Долго пришлось бы Гришке выдумывать подходящую причину отлучки с покоса, но жизнь всегда проще и во множество раз мудрее людских вымыслов. Она может легко помочь нашим задумкам и так же легко порушить их.
Отбивая вторую косу и оглянувшись на солнце, будто прося пощады от его немилосердных лучей, Григорий заметил, что вся южная сторона неба заволоклась непроницаемой сплошной тучей. Жутковато и грозно, молчаливо нависла эта мохнатая чернота над притихшей степью.
Повеселел парень, молоток почаще затюкал в его руке: из такой тучи непременно хороший дождь прольется, значит — остановка во всей крестьянской работе и отлучиться можно без ущерба для дела. По такому случаю и соврать что угодно можно — поверят… Ну, хотя бы сказать, что поселковый атаман велел явиться к нему в станицу еще вчера по призывному делу, а он, Гришка, совсем забыл об этом. Вспомнил только сегодня и сразу поехал… Сойдет!

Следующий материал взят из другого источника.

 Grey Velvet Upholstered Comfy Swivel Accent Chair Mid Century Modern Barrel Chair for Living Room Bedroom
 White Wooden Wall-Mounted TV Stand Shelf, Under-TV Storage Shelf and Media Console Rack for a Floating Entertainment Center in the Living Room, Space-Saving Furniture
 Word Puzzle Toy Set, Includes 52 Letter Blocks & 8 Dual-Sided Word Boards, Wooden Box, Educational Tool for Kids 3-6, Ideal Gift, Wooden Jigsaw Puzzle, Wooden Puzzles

Когда отбивал последнюю косу, начал накрапывать дождь. Терпеливо достукал до самого конца, еще брусочком острие поправил и заторопился. В момент коня привел, заложил его в легкую телегу, захватил одежину потеплее и тронулся. Ехать же решил он не через хутор на Бродовскую, а по прийсковской дороге до свертка и подкатить к станице со стороны кладбища. Крюк от этого выйдет порядочный, но все равно времени-то пропасть в запасе. Еще пережидать до назначенного часа где-то придется.
«Отдав коню повода» и двигаясь довольно споро, Гришка уезжал от дождя, потому настиг его настоящий ливень уже на прийсковской дороге. Пришлось накинуть зипун. Однако скоро понял, что не спасет такая одежина. Завертел головой парень, соображая, где бы укрыться.

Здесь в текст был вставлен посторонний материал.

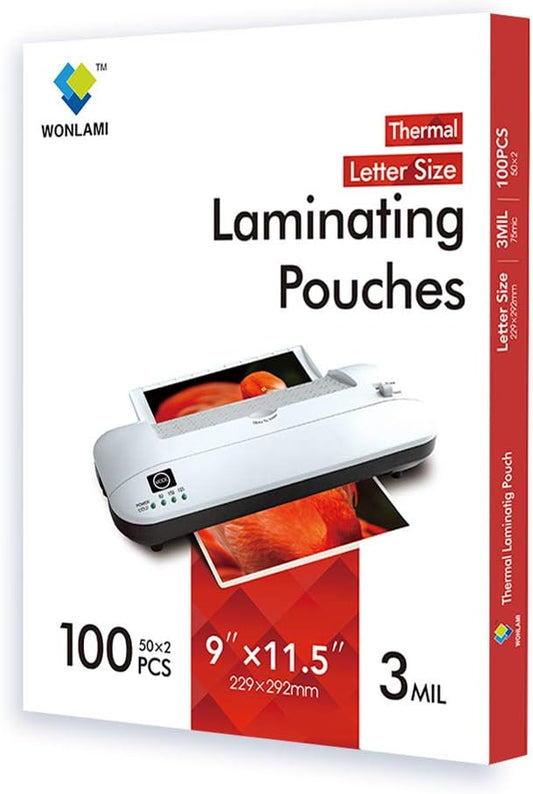 Thermal Laminating Pouches, 3 mil, Letter Size, 9×11.5 inches, 100(50×2) Packs, Used for Laminator Machine by WONLAMI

Справа, в полуверсте от дороги, пряталась в лесу козюринская заимка. Вот бы где в самый раз переждать непогоду! Так ведь рыжий этот кобель может и не пустить под крышу, и облаять может, а то и по шее даст — от него всего можно ждать. Совсем озверел в последние годы казак. Особенно взлютовал он после того, как отвоевали крестьяне заимку Зеленую, и цену за тот клочок, где избенки стояли, платили они с тех пор твердую, независимо от желания хозяина. Нестер Козюрин всегда отличался злоязычием да похабщиной и сейчас не меньше лаялся, но самым страшным ругательством стало у него теперь слово «мужик».
Все это преотлично знал Гришка, да податься-то больше некуда, и терять ему тоже нечего — рванул правую вожжу на себя, круто свернув с дороги, и по березовому редколесью направился к заимке. Скоро показалась она, убогая и хлипкая в косых струях дождя. У редкого забора привязал коня и, отмахнув словно для смеха слепленную из пяти палок дверцу, прошагал к окошку.
— Эй, кто тута есть? — прокричал в окно, опасливо стукнув по переплету рамы. — Пустите от дожжика спрятаться!